Do you know the six churches whose configuration forms a cross? Modern buildings have hidden some of the medieval monuments, but they are certainly worth exploring, just as the pulsing large squares and original houses of merchants.
The New Town of Prague was built on the right bank of Vltava. Its border goes under Vyšehrad, from Jiráskovo Square, along the Masaryk Embankment and the Old Town to Holešovice. This city quarter includes large parts of Prague 1 and Prague 2 and a small part of Prague 8.
The New Town offers architectural gems, such as the National Theatre or the National Museum, and includes the areas around Wenceslas Square, Charles Square, Náměstí Republiky Square, Jindřišská Street, Karlova, Albertova and Výtoň Streets, the Prague main train station and the Masaryk station.
The first quarter with a plan
Officially, the New Town of Prague was established on March 8, 1348. Prague was growing fast at that time. It was the seat of the Czech and Roman king Charles IV, higher education and valuable church relics, and the number of inhabitants, students and pilgrims from abroad kept growing.
Charles IV announced his aim to increase the capacity of the capital soon after he succeeded to the throne.
A promise which has encouraged development
The powerful monarch had grandiose visions. The plans for the New Town of Prague included 5,000 houses for 50,000 new inhabitants, important secular buildings and many impressive churches.
Charles IV also did not hesitate to promise a twelve-year tax exemption to all estate owners who would build a house on their property. Such an incentive worked great! Under Charles IV, Prague became the third largest and most populated European city, right after Rome and Constantinople.
A quick start of the New Town
In four years, about 600 new buildings were built in the set area, which also included older settlements. Palatial houses of rich merchants, with arcades and sometimes even private chapels, stood at the edges of squares; dwellings of poorer craftsmen were built in the surrounding streets.
The area of 2.4km2 was enclosed by 3.5km long and 10m high city walls and their construction took only two years. By the end of the 14th century, the construction works slowed down. The New Town was not completed until the 19th century when its fortifications were pulled down.
The biggest markets and the squares today
The quarter built by Charles IV more than 600 years ago still has the biggest square – the former Cattle Market, now Karlovo (Charles) Square which takes up an area of eight hectares. In the Middle Ages, streets up to 27m wide led to the square; today, the traffic from the busy Žitná a Resslova Streets are tailing back here.

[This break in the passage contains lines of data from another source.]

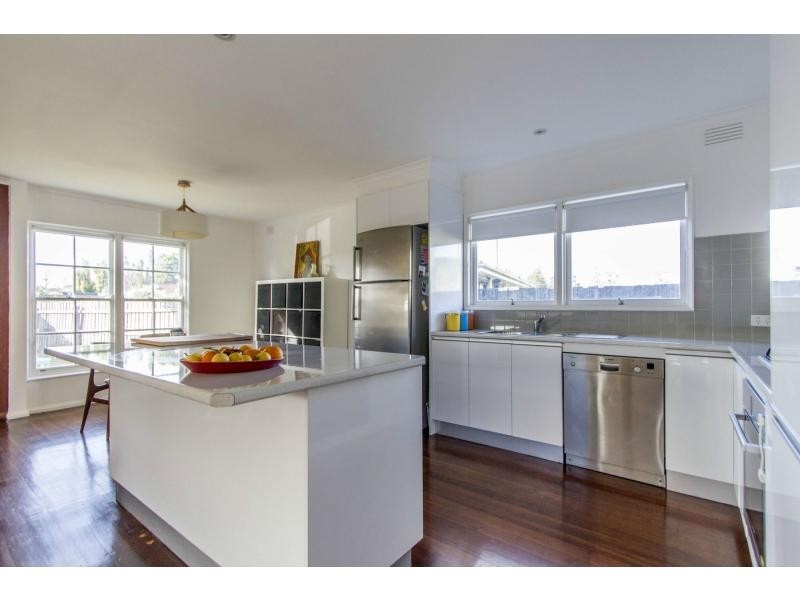 32 Melaleuca Drive, Carrum VIC 3197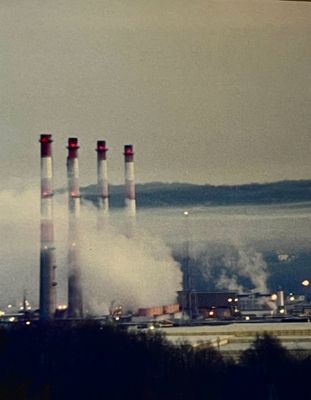 Les quatre cheminées de l'usine de Lacq
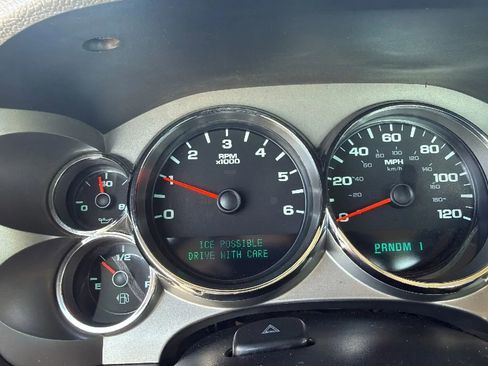 Used 2010 GMC Sierra 2500 W/T w/ Snow Plow Prep Package image 18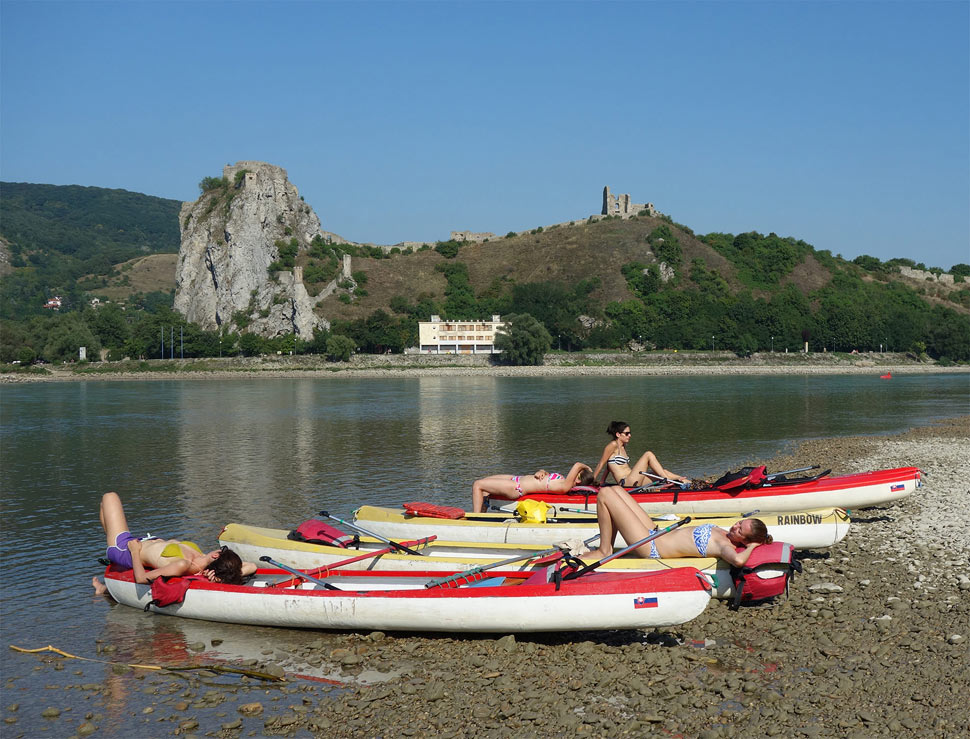 Pekne je na Dunaji pri Devínskom hrade
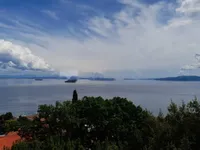 Недвижимость Трехкомнатная квартира, Центр: 15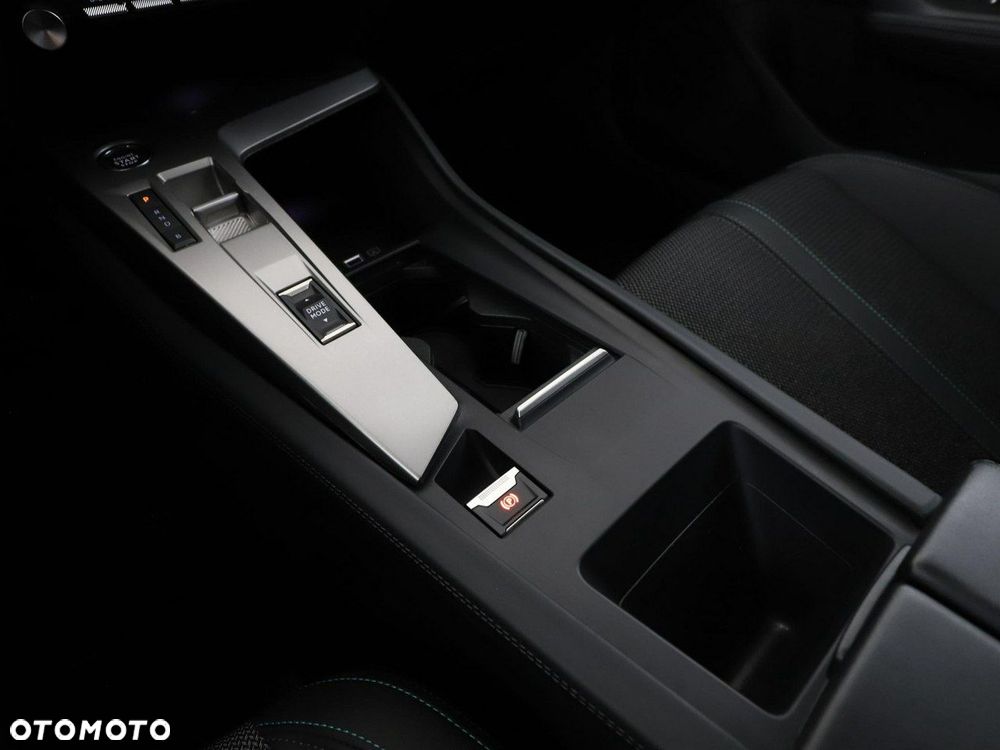 Peugeot 308 1.6 Hybrid PHEV Allure Pack EAT8 - 33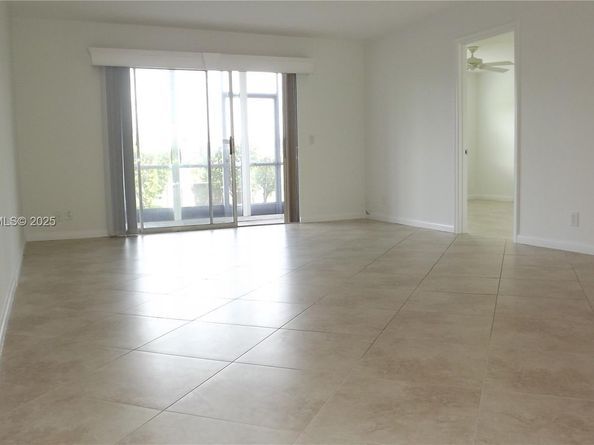 901 SW 128th Ter 103A, Pembroke Pines FL 33027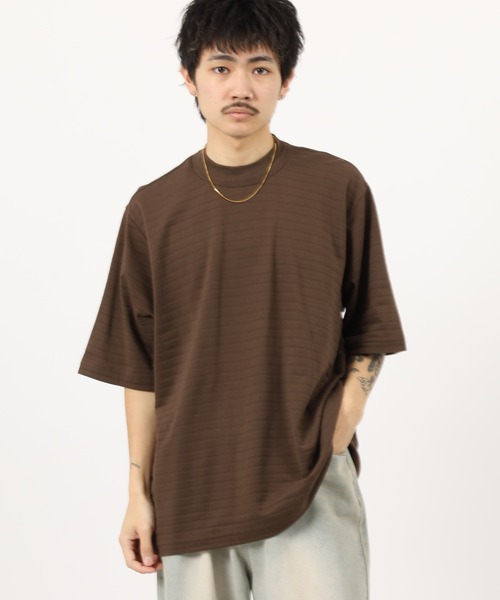 MN+LA（エムエヌエルエー）の「MN+LA STRIPED PIQUE MOCKNECK TEE ストライプモックネック半袖Tシャツ（Tシャツ/カットソー・メンズ・テラコッタ/ウッド・2XL/XL/M/L）」の13枚目の写真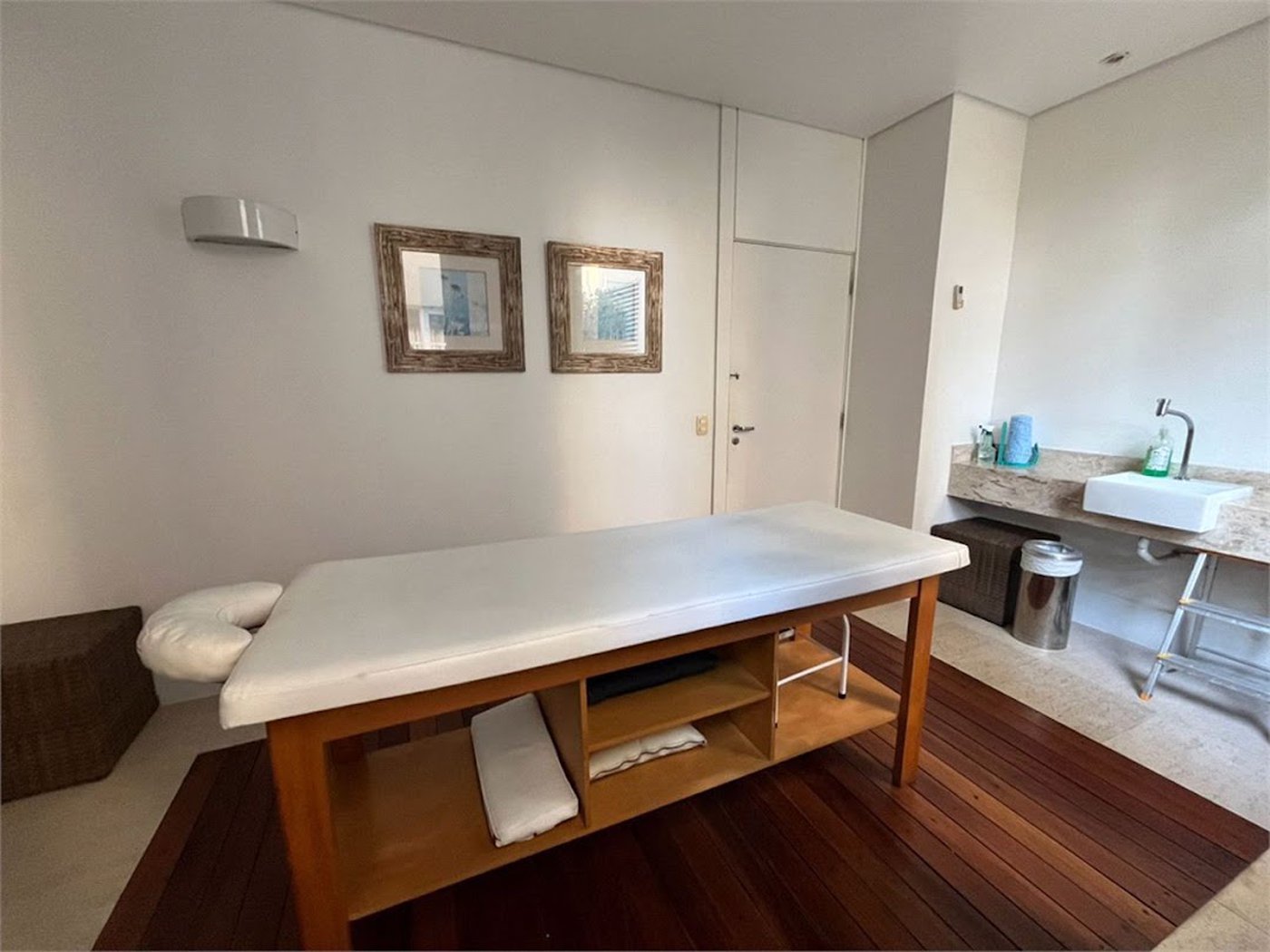 Apartamento Residencial à venda, Vila Luis Antônio, Guarujá - AP1540.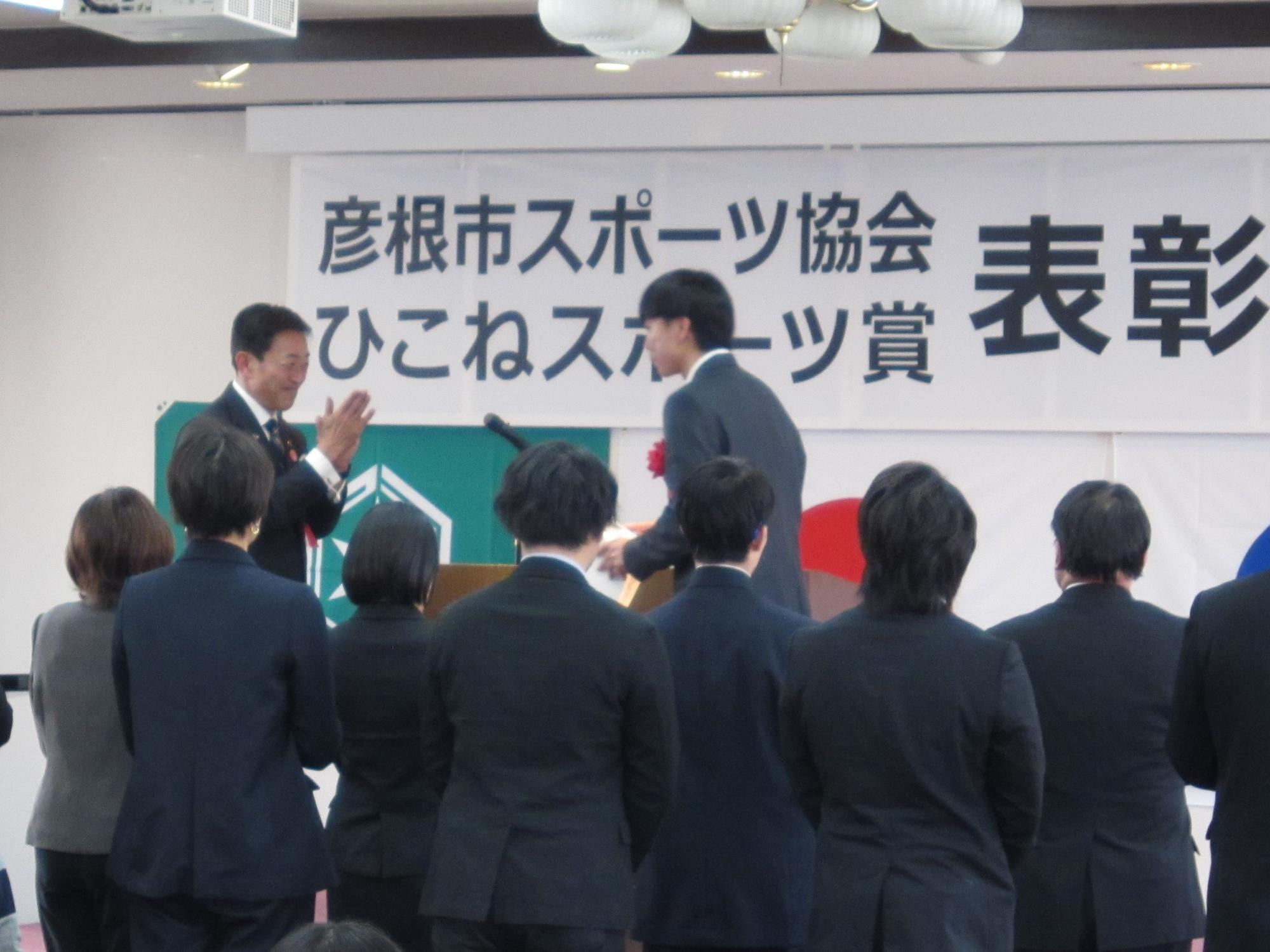 表彰状を授与する様子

Two more big markets – the Horse Market and Hay Market – have become Wenceslas and Senovážné Square and they are still the busiest places in the metropolis.
Churches on an imaginary cross
The concept of the New Town as planned by Charles IV also included the foundation of six churches whose configuration forms the Christian cross from the bird’s eye view. In its centre, there is the Church of St. Apollinaire; at the ends of the cross arms, you can find the Emmaus Monastery (Na Slovanech) and the Church of the Virgin Mary and St. Charles the Great at Karlov.
The base of the cross is formed by the line between the Church of St. Catherine (today the premises of a mental hospital), the Church of Our Lady on the Lawn and the Basilica of St. Peter and Paul in Vyšehrad.